Quello che non ci ha assolutamente convinto è stata l’ambientazione negli anni del fascismo. Mutare l’ambiente storico della vicenda può essere plausibile in un’opera, per esempio, come il Fidelio di Beethoven, sorta di favola sull’amore coniugale e sulla libertà, che non ha riferimenti storici ben definiti. Ma la Tosca vive in quei luoghi e in quel periodo storico: il periodo delle guerre napoleoniche in Italia, con i relativi fermenti insurrezionali e repressioni che si verificarono nei piccoli stati in cui l’Italia ancora era divisa. Tutto nel libretto di Illica e Giacosa (come nel dramma di Victorien Sardou) si tiene perché tempo e luoghi si costituiscono in un unicum: la Chiesa di S. Andrea della Valle è quella chiesa dove ancora un celebre pittore veniva chiamato a dipingere; Palazzo Farnese era il luogo della polizia e della tortura; Castel S. Angelo era il carcere destinato ai dissidenti politici. Quale senso può avere presentare personaggi in orbace dal cui canto escono parole come Napoleone o Battaglia di Marengo?

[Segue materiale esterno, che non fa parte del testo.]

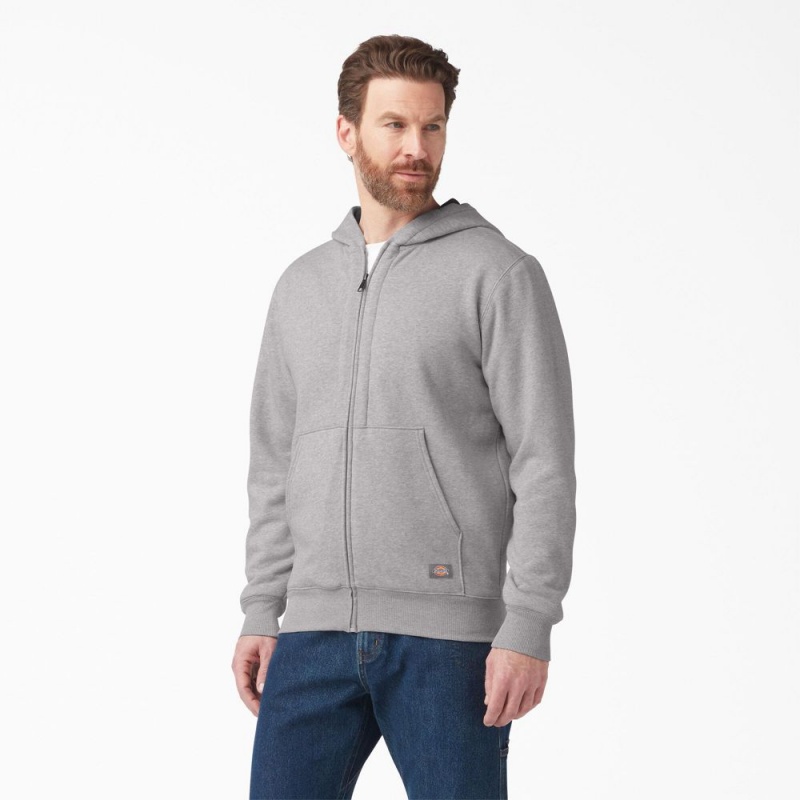 Grey Dickies Thermal Lined Full-Zip Fleece Men\'s Hoodie | 651-TDVMHS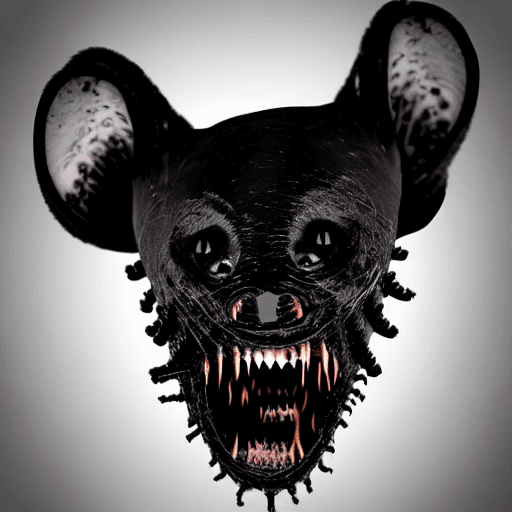 AI generated: Horror black creature,scary animal,sore face,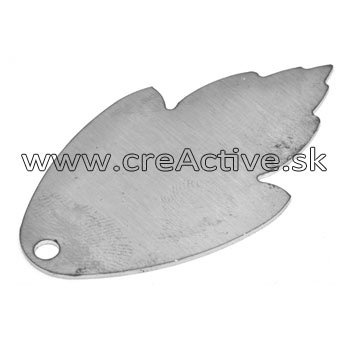 Kovový výsek list široký 35 x 20 mm nerez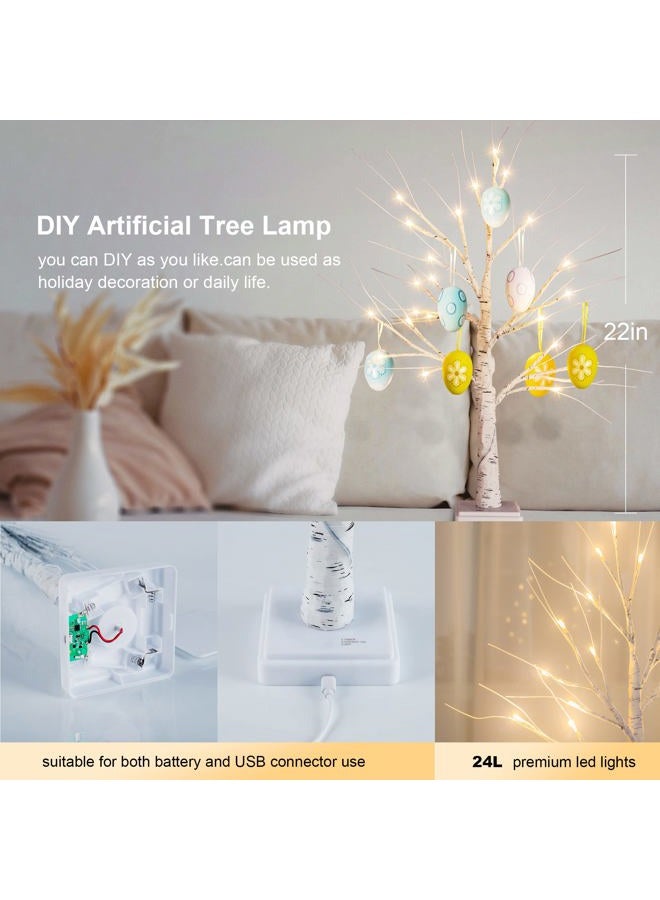 Woohaha Lighted Birch Tree,2ft 24LED Warm White Light Up Birch Tree，3AA&USB Tabletop Timer Artificial Decorative Mini Christmas Tree Lamp for Christmas Holiday Home Party Wedding - Image 4
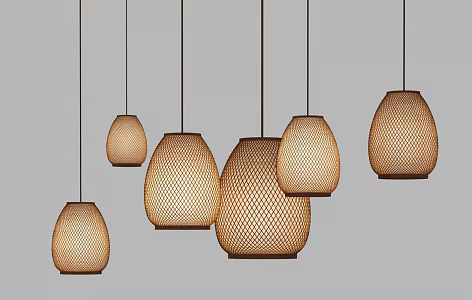 New Chinese Chandelier Combination 3d model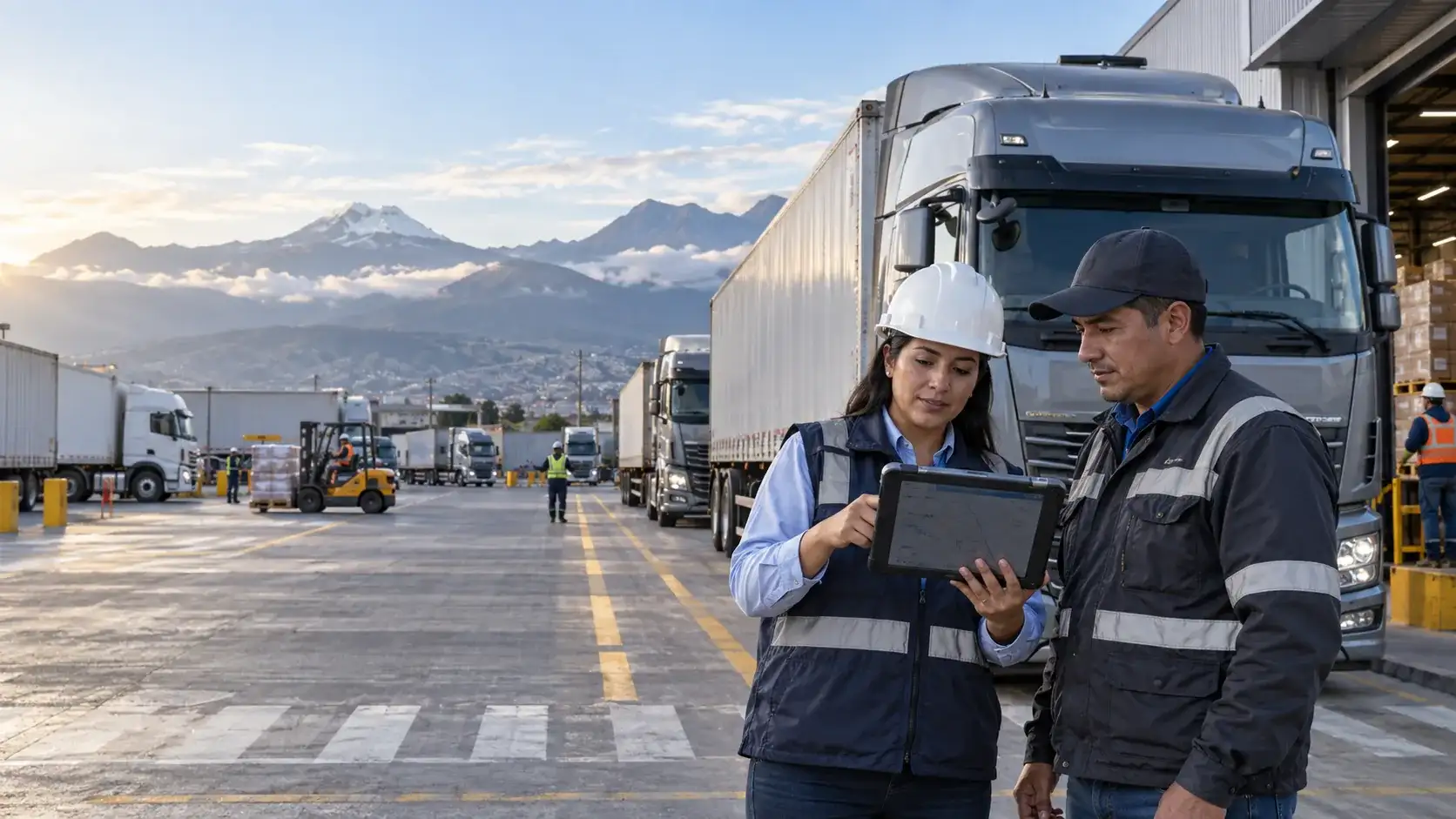 Profesionales de logística consultan rutas junto a camiones de carga.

Sospettiamo che queste scelte così frequenti oggigiorno siano spesso dettate dagli scarsi budget degli Enti lirici e dall’esigenza di risparmiare le spese per costumi d’epoca, che sarebbero molto più costosi. Ma vogliamo dar credito a una scelta ponderata del regista, scenografo e costumista Pier Luigi Pizzi. Una scelta che però non condividiamo. Una scelta che ha il sapore del postmoderno, dove tutto si confonde, dove anche i riferimenti spazio-temporali perdono di consistenza, dove la Storia si annulla in un eterno presente, che tutto ammette e tutto lascia invariato. Poiché vogliamo ancora sperare che il pubblico possa accogliere giovani che non conoscono la Tosca, persone che non sono mai state all’opera, stranieri che poco sanno della nostra storia, questa scelta di ambientazione ci appare senza senso, fuorviante e tanto più sbagliata in quanto rafforza quella confusione nella quale da tempo viviamo, indotti a credere che le coordinate storiche, come i saperi degli esperti, possano tranquillamente essere azzerate e confuse in un’unica notte dove tutte le vacche restano nere.